Apesar de todo o potencial e expectativa, os ventos não sopraram a favor da biomassa de cana nos últimos leilões de energias renováveis, promovidos pela Agência Nacional de Energia Elétrica (Aneel) na semana passada. Dos 73 projetos habilitados, só 12 foram contratados, totalizando 190 MW. A grande vencedora foi a energia eólica, com 899 MW contratados, divididos em 70 projetos. O preço médio pago foi de R$ 130/MWh, ante R$ 144/MWh da bioeletricidade.
Os produtos da cana-de-açúcar já contribuem com 18% da energia ofertada no País, mas quase tudo isso se refere ao uso do etanol como combustível de veículos. A participação da bioeletricidade é bem menor. Segundo dados da Empresa de Pesquisa Energética (EPE) do Ministério de Minas e Energia, quase 90% da eletricidade produzida no País em 2009 veio de fontes renováveis – principalmente a hidráulica, com 83,7%. A biomassa (incluindo bagaço de cana , lenha e outros materiais vegetais), contribuiu com 5,9% e a eólica, com um modesto 0,3%.
Sol e vento. Além da biomassa, estudos mostram que há um enorme potencial ainda não aproveitado em energia eólica e solar no País, que poderia substituir os 10% de eletricidade que ainda são gerados em usinas nucleares e térmicas, movidas a combustíveis fósseis. Transformar esse potencial em capacidade instalada, porém, exige superar uma série de gargalos econômicos, tecnológicos, logísticos e regulatórios. A previsão é de que a participação proporcional de fontes renováveis na matriz energética não mudará radicalmente nas próximas décadas.
O carro-chefe continuará a ser a energia hidrelétrica. As outras renováveis vão crescer pouco a pouco, prevê o diretor da Agência Nacional de Energia Elétrica, Nelson Hubner. A energia eólica, segundo ele, continuará a crescer, mas nunca deixará de ser uma fonte complementar. A solar, por sua vez, só deverá se tornar economicamente competitiva daqui a 10 ou 20 anos.
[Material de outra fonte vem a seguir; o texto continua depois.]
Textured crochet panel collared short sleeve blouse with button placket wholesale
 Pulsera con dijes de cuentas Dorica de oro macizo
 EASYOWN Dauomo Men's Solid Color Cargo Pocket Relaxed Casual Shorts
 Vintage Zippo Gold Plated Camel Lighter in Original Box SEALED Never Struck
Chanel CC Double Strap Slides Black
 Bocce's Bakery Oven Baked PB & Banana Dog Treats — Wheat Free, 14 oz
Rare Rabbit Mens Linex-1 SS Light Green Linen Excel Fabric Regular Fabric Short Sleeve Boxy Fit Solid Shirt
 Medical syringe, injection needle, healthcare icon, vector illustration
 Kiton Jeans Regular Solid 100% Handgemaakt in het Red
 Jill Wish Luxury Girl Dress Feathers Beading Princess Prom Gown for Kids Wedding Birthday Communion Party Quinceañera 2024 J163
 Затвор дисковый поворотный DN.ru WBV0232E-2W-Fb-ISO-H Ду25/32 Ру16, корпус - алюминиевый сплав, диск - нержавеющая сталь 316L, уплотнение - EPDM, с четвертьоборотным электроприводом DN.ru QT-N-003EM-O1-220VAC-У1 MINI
Para o pesquisador Sergio Colle, coordenador dos Laboratórios de Engenharia de Processos de Conversão e Tecnologia de Energia (Lepten), da Universidade Federal de Santa Catarina, o Brasil poderia ser muito mais ambicioso no aproveitamento de seu potencial em termos de energia solar e eólica. O País não pode se dar ao luxo de ficar de braços cruzados e desperdiçar oportunidades, só porque nasceu no berço esplêndido das hidrelétricas e da biomassa.